Erst nachdem die Uno und der Westen Zehntausende Bosnier im Stich gelassen hatten, änderte sich das Denken in der Weltpolitik.

Hamburg. Offiziere prosten sich mit einem Glas Schnaps zu. Keine ungewöhnliche Geste bei Militärs - nach gemeinsamen Manövern, im Kasino beim geselligen Abend - oder auch nach einer gewonnenen Schlacht. Aber mitten in einem Schlachten von Zivilisten? Und dann zwischen einem Täter und einem, der die Opfer beschützen sollte?

Das Foto, das nach dem 11. Juni 1995 um die Welt ging, zeigt den zufriedenen General der bosnischen Serben, Ratko Mladic, der einen Toast auf "ein langes Leben" ausbringt, und den verlegen dreinblickenden niederländischen Kommandeur der Uno-Truppen, Ton Karremans, nach der Einnahme von Srebrenica. Es zeigt die Hilflosigkeit der Weltgemeinschaft, das Versagen von Uno, Nato und EU angesichts der Kriegsverbrechen auf dem Balkan. Und es sollte die Einstellung des Westens und mancher Pazifisten grundlegend verändern.

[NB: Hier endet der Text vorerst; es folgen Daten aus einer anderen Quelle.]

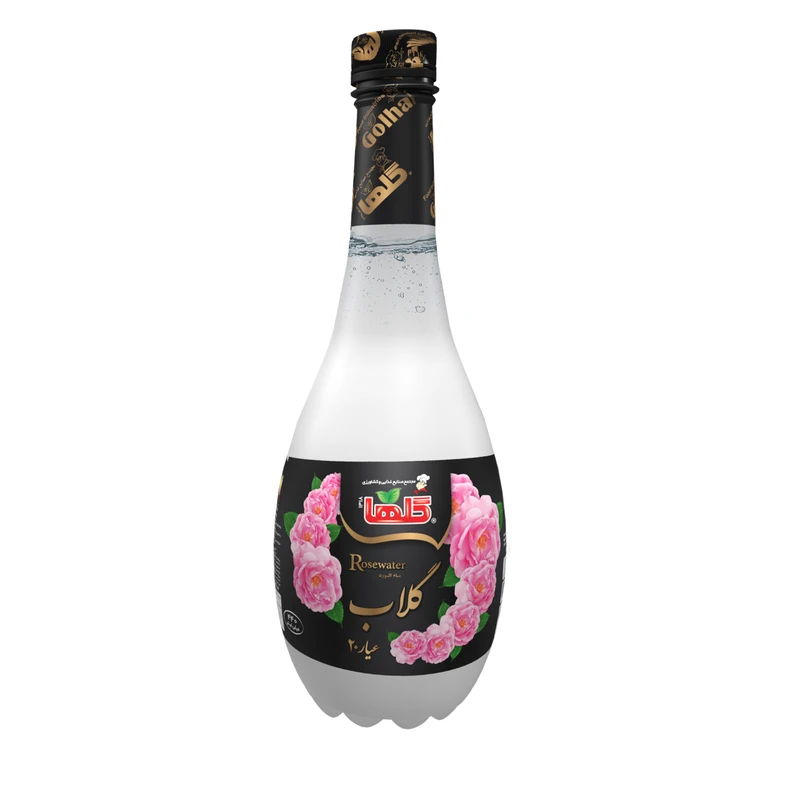 qualityq_90-47592 گلاب گلها - 440 میلی لیتر - تصویر 1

Srebrenica war bis zum Ausbruch des Krieges 1992 eine kleine, unbedeutende Stadt mit 6000 überwiegend moslemischen Einwohnern im Osten Bosnien-Herzegowinas. Als die Feindseligkeiten begannen, versuchten zunächst die Moslems, ihre in serbischem Siedlungsgebiet gelegene Enklave zu vergrößern und sich aus der Umklammerung zu befreien. Das misslang, und in der Folge strömten immer mehr Flüchtlinge in den immer enger werdenden Kessel von Srebrenica. Schließlich waren im Frühjahr 1993 40 000 Menschen hier zusammengepfercht. Trinkwasser- und Stromversorgung brachen weitgehend zusammen, Lebensmittel und Medikamente wurden knapp. Die Uno reagierte mit der Resolution 819 und erklärte Srebrenica und die umliegende Region zur Schutzzone. Die ersten Blauhelme wurden entsandt, 170 Soldaten, hauptsächlich Kanadier. Weitere Resolutionen folgten und im Frühjahr 1994 schließlich auch ein niederländisches Bataillon. Dem sogenannten Dutchbat war inzwischen immerhin erlaubt worden, seine Waffen zur Selbstverteidigung zu benutzen.

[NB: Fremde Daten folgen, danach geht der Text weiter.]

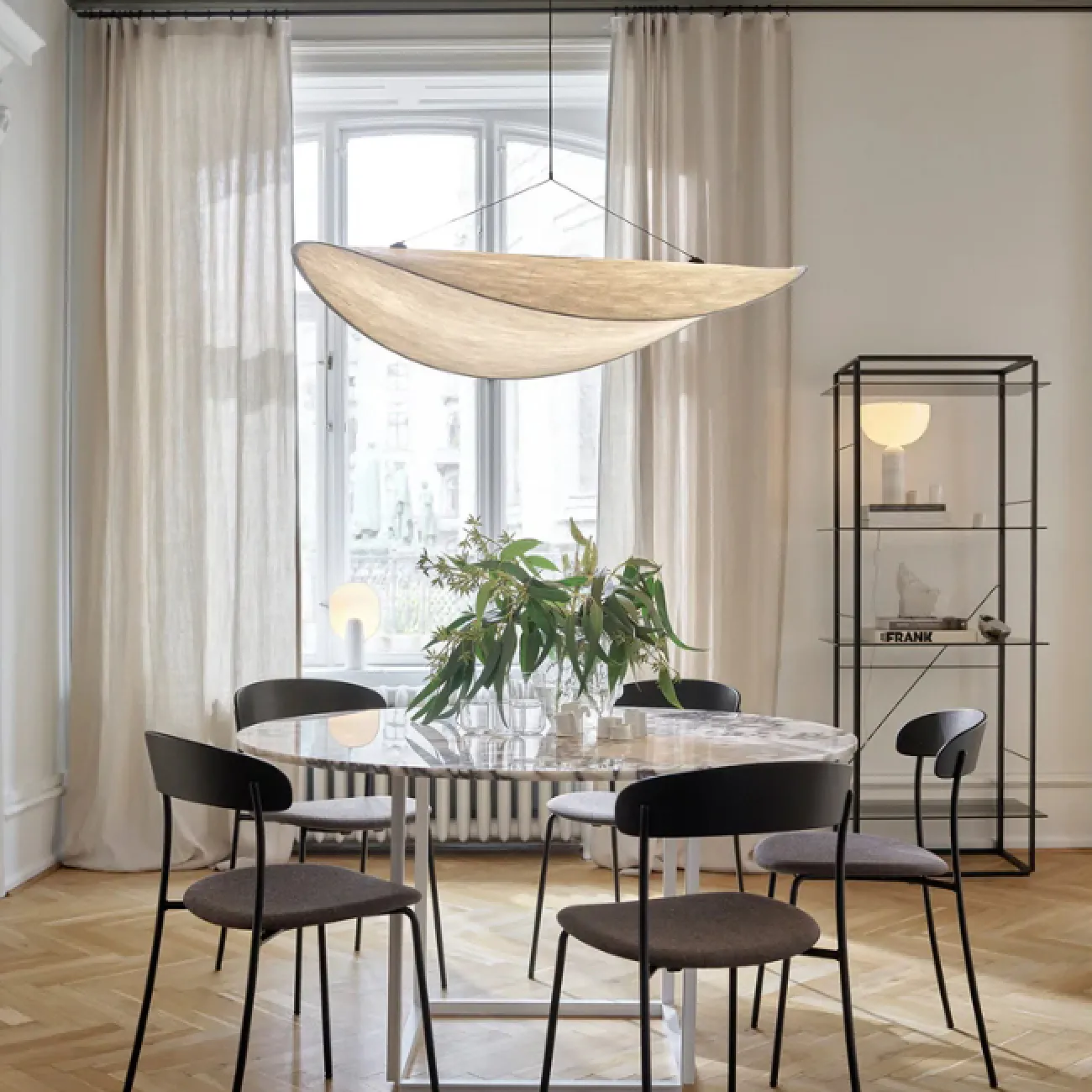 Потолочный светильник Tense D60 от ImperiumLoft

Die Lage in Srebrenica wurde nicht besser. Ab Herbst sendeten der Bürgermeister Osman Suljic und der Krankenhausdirektor Avdo Hasanovic immer wieder verzweifelte Funksprüche in die Welt: "Wir brauchen Lebensmittel, Medikamente, Seuchen brechen aus." Nichts kam an. Schließlich funkte Suljic: "Es ist viel schlimmer, langsam zu verhungern oder zu erfrieren, als schnell getötet zu werden."

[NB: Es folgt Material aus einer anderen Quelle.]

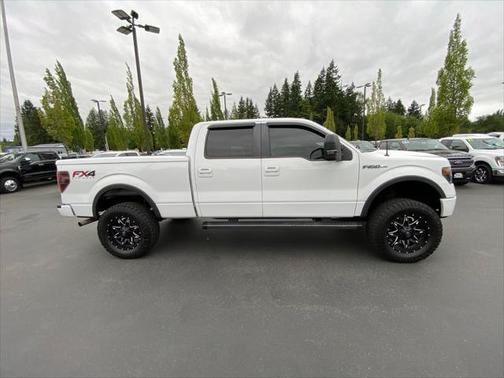 2014 Ford F-150 FX4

Mit seiner "Direktive Nr. 7" vom 8. März 1995 leitete Radovan Karadzic, damals Präsident der Republik Srpska, das Ende von Srebrenica ein. Die Armee seiner Republik sollte den Ring immer enger schließen. Am 6. Juli schließlich begann der direkte Angriff. Oberst Karremans forderte beim Uno-Kommando Luftunterstützung an, nachdem Flüchtlinge unter seiner Obhut beschossen wurden. Nichts geschah.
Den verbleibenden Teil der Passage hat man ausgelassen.